Attraversiamo qualche baracca sparsa lungo il sentiero, assistendo a spaccati di vita quotidiana che sono il sale che condisce il viaggio. Certe situazioni spiegano l'indole poco ospitale dei laotiani. Questo che sto affermando è un pensiero covato e riflettuto a lungo prima di permettermi di esprimerlo: non abbiamo trovato, girando da nord a sud, questa indole ospitale e sorridente, tanto decantata, del popolo laotiano. Ti sorridono e sono cortesi, il personale dei grandi alberghi e quelli che ti devono vendere qualcosa, altrimenti sei un essere inesistente. Penso che le istituzioni abbiano violentato questa gente, imponendo loro di accettare il turista, ma a loro del turismo, almeno alla maggior parte, “non gliene può fregar di meno”. Sono persone semplici, alle quali piace lavorare il meno possibile, mangiare e dormire, tutto il resto fanculo. Alcune volte entri in piccoli negozietti, dove il gestore è coricato per terra che guarda TV o telefonino e non ti degna neppure di un sguardo. Della serie: mi devo scomodare per te, se vuoi  stare, aspetta i miei ritmi (normalmente biblici). Siamo nuovamente nell'agglomerato principale. Tutte le strade sono in sterrato, fa eccezione un pezzetto di un centinaio di metri che è in cemento, posso immaginare nel periodo delle piogge, fango in ogni dove.
Certo non si può dire che abbiano una qualità di vita eccelsa; ma chi si accontenta gode.
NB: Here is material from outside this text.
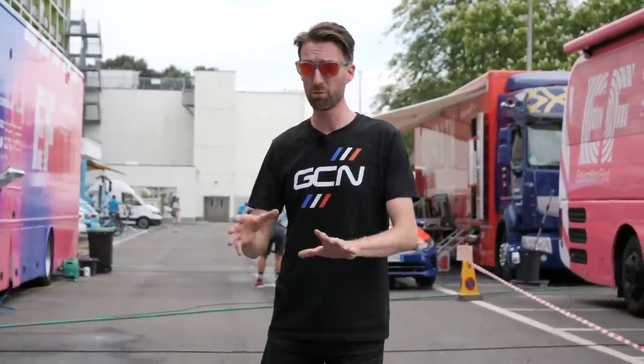As I record this, we are on the eve of the Tour de France, which is of course the biggest bike race in the world. And as such, for the last few days, myself and Ollie have been going around all the teams in search of the best, the newest, and the most custom tech.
Troviamo un piccolo ristorantino sull'argine del fiume, il sole è caldissimo, ci rifocilliamo all'ombra con un paninozzo al tonno e un bicchiere di birra, forse due o tre, booh ho perso il conto 😂🤣😂. Forse è meglio parcheggiare le bici e rilassarsi un'oretta in camera con condizionatore a manetta. Così facciamo. Tra una cosa e un'altra si è fatta sera. Cenetta in un ristorantino di un carino eccezionale, per il Laos, “The Garden”, c'è un cuoco sopraffino. Passeggiatina e si rientra in camera. È ora di scrivere qualche riga nel blog e salutare amici e parenti nei social. Buonanotte.